Excerpted data.
- - -

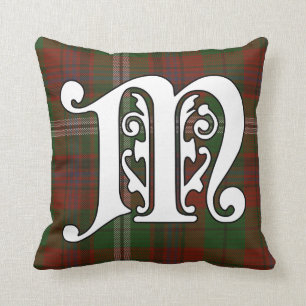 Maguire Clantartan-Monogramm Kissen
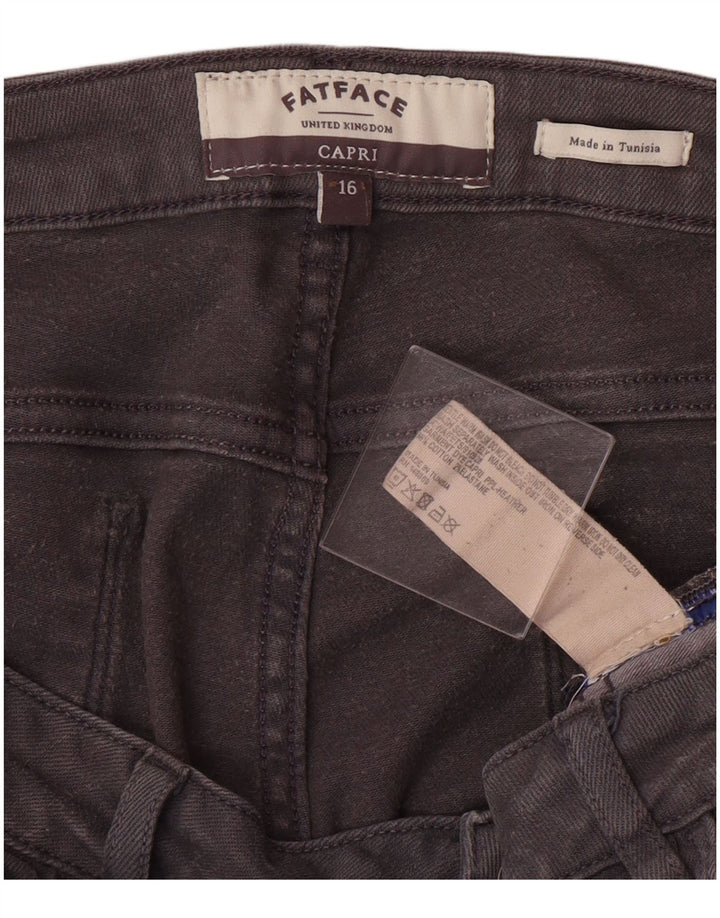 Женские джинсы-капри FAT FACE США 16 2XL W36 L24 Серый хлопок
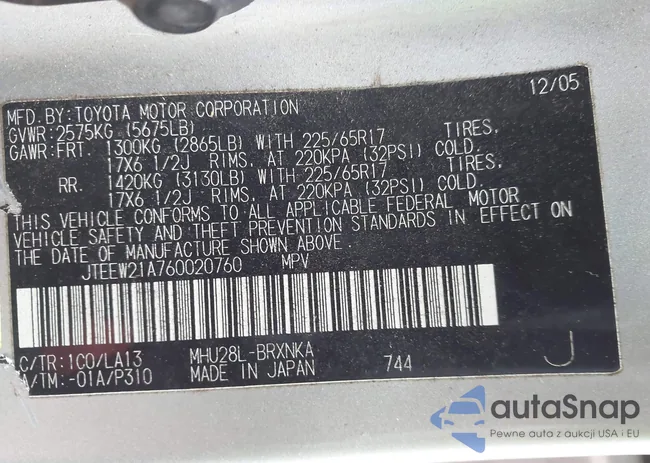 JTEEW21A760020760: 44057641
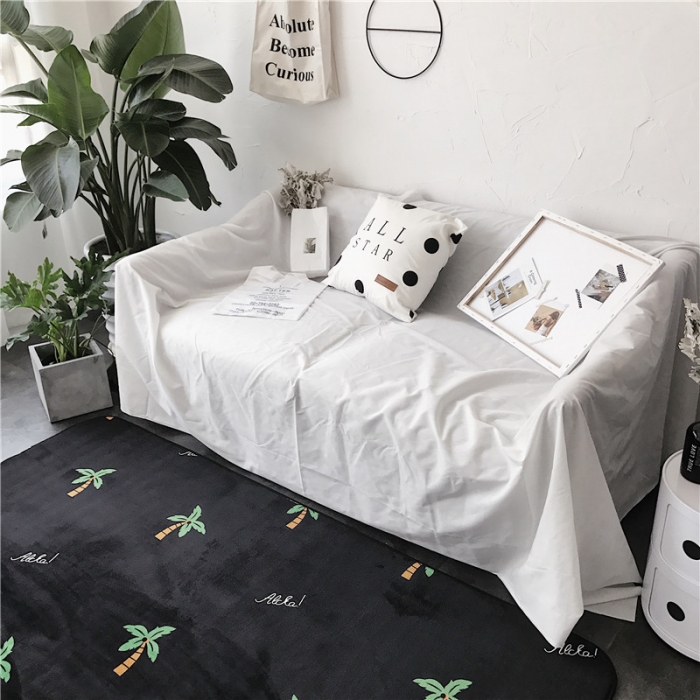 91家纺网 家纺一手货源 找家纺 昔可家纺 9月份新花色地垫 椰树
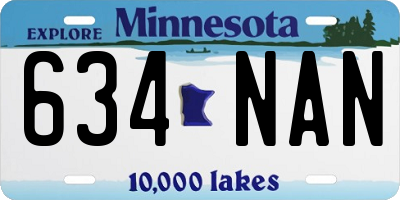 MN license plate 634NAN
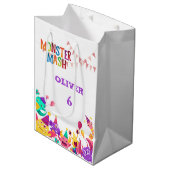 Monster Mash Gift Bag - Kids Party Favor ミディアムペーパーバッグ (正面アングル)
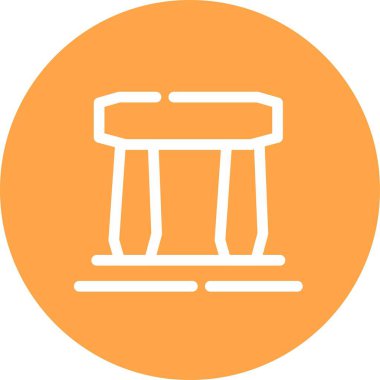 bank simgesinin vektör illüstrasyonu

- - -

Directions.
Extract all the data above exactly, excluding every picture.

Completed task.
 Maguire Clantartan-Monogramm Kissen
 Женские джинсы-капри FAT FACE США 16 2XL W36 L24 Серый хлопок
 JTEEW21A760020760: 44057641
 91家纺网 家纺一手货源 找家纺 昔可家纺 9月份新花色地垫 椰树
 MN license plate 634NAN
 Monster Mash Gift Bag - Kids Party Favor ミディアムペーパーバッグ (正面アングル)
 bank simgesinin vektör illüstrasyonu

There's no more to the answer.